---
language: en
tags:
- exbert
license: apache-2.0
datasets:
- bookcorpus
- wikipedia
---

# VGCN-BERT (DistilBERT based, uncased)

This model is a VGCN-BERT model based on [DistilBert-base-uncased](https://huggingface.co/distilbert-base-uncased) version.

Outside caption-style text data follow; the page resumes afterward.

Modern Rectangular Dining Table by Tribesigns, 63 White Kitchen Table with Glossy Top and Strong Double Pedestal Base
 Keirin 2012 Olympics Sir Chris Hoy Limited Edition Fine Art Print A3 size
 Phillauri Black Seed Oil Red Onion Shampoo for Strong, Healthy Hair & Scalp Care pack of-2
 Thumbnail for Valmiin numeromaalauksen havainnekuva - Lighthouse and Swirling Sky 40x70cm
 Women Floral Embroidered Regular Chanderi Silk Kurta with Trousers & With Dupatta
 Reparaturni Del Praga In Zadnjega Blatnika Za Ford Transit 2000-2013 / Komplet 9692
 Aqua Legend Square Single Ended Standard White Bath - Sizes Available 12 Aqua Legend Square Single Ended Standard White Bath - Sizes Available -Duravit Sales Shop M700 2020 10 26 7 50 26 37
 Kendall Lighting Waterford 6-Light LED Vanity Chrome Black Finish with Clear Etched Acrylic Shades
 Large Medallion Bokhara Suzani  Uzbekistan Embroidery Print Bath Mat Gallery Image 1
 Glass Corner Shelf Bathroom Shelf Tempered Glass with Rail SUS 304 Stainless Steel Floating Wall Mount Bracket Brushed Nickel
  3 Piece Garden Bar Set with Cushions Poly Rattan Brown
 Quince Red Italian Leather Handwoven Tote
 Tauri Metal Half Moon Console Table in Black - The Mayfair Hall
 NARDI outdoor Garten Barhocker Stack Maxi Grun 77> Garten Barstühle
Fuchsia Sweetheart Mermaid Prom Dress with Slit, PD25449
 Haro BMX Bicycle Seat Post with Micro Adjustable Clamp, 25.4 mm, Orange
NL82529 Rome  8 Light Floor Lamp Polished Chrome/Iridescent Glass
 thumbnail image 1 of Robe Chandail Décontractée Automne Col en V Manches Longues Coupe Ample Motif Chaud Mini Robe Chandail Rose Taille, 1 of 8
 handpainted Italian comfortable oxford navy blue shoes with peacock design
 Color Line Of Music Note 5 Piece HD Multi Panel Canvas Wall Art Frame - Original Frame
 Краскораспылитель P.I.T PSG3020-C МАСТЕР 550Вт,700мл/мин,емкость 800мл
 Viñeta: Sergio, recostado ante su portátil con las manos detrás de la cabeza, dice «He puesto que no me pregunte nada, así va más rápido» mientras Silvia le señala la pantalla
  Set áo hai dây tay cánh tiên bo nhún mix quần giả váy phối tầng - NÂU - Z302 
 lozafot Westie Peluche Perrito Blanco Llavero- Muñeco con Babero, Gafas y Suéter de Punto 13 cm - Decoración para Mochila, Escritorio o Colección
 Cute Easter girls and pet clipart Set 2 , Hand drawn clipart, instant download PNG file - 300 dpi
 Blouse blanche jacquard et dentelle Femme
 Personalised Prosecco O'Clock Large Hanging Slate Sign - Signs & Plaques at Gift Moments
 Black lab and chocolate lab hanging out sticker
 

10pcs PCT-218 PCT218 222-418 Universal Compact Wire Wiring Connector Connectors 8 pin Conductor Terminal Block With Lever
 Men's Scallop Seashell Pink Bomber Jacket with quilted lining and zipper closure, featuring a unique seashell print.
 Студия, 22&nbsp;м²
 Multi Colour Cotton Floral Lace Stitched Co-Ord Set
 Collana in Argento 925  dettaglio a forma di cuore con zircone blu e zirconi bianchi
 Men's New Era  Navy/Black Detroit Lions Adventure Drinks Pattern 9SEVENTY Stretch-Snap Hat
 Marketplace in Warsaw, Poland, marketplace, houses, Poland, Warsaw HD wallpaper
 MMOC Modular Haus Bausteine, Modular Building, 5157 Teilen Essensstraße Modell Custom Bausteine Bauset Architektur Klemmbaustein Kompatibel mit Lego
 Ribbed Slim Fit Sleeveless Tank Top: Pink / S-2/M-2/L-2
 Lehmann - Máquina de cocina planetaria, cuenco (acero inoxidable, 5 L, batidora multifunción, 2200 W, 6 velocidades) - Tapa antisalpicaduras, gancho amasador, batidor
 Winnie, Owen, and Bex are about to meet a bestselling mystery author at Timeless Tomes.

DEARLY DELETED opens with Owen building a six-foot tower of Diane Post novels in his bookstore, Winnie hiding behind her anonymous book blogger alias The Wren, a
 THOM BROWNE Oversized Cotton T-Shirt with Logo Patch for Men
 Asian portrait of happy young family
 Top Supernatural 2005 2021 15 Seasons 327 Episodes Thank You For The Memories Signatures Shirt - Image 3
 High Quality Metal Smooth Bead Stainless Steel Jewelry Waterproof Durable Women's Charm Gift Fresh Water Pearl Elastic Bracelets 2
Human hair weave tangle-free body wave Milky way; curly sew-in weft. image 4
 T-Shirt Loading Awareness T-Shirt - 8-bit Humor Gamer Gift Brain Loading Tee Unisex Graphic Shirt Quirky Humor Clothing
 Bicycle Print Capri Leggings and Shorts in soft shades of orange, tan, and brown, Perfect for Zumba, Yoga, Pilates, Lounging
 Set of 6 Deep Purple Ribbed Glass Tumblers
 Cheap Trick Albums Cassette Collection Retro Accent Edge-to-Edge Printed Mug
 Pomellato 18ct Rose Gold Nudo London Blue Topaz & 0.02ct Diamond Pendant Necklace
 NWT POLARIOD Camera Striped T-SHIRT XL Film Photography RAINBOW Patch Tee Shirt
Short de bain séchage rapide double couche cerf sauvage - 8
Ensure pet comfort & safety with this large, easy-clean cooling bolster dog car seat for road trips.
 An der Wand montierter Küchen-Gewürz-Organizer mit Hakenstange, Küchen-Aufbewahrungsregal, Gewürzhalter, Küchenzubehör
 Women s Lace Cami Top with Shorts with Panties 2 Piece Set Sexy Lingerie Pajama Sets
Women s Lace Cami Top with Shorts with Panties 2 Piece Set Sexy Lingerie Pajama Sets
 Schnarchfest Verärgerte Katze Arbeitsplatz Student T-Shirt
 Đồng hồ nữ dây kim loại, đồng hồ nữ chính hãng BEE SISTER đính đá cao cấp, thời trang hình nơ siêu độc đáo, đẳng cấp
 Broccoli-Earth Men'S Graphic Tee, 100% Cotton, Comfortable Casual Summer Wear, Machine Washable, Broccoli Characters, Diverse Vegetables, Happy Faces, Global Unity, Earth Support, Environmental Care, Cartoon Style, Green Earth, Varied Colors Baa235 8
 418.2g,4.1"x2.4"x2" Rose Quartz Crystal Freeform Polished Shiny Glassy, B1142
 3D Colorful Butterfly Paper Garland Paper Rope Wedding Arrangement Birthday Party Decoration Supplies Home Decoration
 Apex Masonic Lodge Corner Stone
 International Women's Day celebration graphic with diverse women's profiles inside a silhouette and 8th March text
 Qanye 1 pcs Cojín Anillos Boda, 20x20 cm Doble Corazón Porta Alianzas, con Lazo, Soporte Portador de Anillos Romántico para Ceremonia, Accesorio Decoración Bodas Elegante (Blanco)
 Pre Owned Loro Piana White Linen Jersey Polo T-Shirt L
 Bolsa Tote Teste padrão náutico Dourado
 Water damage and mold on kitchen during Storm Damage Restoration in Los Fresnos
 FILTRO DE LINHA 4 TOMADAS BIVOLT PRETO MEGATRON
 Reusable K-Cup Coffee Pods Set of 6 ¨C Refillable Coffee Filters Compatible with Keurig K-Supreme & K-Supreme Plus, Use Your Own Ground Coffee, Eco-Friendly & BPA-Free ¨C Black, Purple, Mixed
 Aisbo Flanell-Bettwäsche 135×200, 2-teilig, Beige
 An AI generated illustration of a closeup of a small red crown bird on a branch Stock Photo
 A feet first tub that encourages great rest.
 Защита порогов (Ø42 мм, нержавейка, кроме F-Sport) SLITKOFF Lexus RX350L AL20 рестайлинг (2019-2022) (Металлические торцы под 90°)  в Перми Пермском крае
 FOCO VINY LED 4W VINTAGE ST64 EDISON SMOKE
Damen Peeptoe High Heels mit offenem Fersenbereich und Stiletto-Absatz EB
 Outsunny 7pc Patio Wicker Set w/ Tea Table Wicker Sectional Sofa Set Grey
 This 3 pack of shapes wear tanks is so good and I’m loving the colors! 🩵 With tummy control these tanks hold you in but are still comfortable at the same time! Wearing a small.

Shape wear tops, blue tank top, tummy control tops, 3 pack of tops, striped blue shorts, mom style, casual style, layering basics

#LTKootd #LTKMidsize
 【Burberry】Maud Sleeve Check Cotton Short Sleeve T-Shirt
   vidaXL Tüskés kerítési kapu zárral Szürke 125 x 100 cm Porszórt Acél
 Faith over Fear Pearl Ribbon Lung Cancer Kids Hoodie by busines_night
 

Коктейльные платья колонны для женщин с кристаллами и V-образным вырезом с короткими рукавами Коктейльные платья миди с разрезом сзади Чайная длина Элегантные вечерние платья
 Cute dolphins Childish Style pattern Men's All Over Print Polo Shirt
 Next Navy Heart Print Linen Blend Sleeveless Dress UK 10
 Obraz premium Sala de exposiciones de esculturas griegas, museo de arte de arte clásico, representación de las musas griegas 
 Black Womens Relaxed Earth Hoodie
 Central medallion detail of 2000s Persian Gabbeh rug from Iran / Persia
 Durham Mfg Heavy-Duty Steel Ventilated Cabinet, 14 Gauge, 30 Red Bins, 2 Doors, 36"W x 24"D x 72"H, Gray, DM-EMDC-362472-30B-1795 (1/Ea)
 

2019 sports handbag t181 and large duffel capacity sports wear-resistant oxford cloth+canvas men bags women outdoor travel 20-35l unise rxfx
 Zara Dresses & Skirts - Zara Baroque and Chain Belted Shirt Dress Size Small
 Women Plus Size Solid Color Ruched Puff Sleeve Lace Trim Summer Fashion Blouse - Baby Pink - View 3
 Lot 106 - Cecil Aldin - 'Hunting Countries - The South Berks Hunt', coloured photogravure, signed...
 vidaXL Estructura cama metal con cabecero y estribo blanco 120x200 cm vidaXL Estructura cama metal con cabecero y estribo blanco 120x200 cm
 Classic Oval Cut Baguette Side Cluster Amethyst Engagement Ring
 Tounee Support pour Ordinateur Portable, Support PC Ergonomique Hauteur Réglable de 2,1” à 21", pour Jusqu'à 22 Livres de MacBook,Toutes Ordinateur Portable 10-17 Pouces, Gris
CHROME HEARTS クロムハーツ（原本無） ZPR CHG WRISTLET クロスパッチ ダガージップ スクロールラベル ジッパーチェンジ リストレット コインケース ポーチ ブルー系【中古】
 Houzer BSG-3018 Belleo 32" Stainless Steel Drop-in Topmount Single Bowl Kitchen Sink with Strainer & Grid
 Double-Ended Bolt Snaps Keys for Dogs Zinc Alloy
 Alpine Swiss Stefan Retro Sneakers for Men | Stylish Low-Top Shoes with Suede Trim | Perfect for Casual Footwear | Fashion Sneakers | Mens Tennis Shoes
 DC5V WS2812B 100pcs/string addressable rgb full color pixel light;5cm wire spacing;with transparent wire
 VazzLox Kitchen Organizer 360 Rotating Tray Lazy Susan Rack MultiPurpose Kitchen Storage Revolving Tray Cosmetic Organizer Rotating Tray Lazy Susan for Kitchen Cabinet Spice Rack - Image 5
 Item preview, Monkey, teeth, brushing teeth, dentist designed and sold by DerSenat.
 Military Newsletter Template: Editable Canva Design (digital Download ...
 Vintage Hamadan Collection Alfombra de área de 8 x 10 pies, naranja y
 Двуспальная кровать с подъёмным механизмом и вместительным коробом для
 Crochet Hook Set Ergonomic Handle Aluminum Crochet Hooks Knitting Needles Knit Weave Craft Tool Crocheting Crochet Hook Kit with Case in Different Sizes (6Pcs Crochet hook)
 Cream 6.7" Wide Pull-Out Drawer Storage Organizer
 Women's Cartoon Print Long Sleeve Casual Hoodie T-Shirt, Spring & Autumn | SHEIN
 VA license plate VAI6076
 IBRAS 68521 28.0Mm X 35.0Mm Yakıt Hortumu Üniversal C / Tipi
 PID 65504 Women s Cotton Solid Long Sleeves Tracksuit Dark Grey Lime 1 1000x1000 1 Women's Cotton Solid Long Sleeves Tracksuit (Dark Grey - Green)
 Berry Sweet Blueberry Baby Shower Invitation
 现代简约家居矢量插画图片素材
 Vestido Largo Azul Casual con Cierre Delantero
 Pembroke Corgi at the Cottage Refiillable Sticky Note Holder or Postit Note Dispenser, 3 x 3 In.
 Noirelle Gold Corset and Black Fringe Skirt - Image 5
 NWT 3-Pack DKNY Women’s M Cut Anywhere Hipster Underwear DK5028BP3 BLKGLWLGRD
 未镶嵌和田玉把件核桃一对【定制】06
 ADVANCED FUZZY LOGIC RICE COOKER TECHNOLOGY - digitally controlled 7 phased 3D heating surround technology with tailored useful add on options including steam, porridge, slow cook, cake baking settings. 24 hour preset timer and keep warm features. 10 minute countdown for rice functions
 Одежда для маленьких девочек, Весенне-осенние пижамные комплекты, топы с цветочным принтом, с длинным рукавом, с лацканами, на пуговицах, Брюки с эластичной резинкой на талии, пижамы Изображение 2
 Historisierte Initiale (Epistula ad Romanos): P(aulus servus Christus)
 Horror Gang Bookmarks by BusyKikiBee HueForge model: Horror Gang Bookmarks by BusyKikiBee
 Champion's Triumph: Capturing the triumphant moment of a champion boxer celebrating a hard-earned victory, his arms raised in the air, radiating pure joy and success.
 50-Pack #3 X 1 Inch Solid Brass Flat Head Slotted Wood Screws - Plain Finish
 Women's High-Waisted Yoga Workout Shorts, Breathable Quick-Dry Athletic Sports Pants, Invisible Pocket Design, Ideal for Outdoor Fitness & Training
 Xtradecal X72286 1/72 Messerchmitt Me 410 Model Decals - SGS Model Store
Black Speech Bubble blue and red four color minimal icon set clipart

The original paper is [VGCN-BERT](https://arxiv.org/abs/2004.05707).

### How to use

- First prepare WGraph symmetric adjacency matrix

```python
import transformers as tfr
from transformers.models.vgcn_bert.modeling_graph import WordGraph

tokenizer = tfr.AutoTokenizer.from_pretrained(
    "distilbert-base-uncased"
)
# 1st method: Build graph using NPMI statistical method from training corpus
wgraph = WordGraph(rows=train_valid_df["text"], tokenizer=tokenizer)
# 2nd method: Build graph from pre-defined entity relationship tuple with weight
entity_relations = [
    ("dog", "labrador", 0.6),
    ("cat", "garfield", 0.7),
    ("city", "montreal", 0.8),
    ("weather", "rain", 0.3),
]
wgraph = WordGraph(rows=entity_relations, tokenizer=tokenizer)
```

- Then instantiate VGCN-BERT model with your WGraphs (support multiple graphs).

```python
from transformers.models.vgcn_bert.modeling_vgcn_bert import VGCNBertModel
model = VGCNBertModel.from_pretrained(
    "zhibinlu/vgcn-bert-distilbert-base-uncased", trust_remote_code=True,
    wgraphs=[wgraph.to_torch_sparse()],
    wgraph_id_to_tokenizer_id_maps=[wgraph.wgraph_id_to_tokenizer_id_map]
)
text = "Replace me by any text you'd like."
encoded_input = tokenizer(text, return_tensors="pt")
output = model(**encoded_input)
```


## Fine-tune model

It's better fin-tune vgcn-bert model for the specific tasks.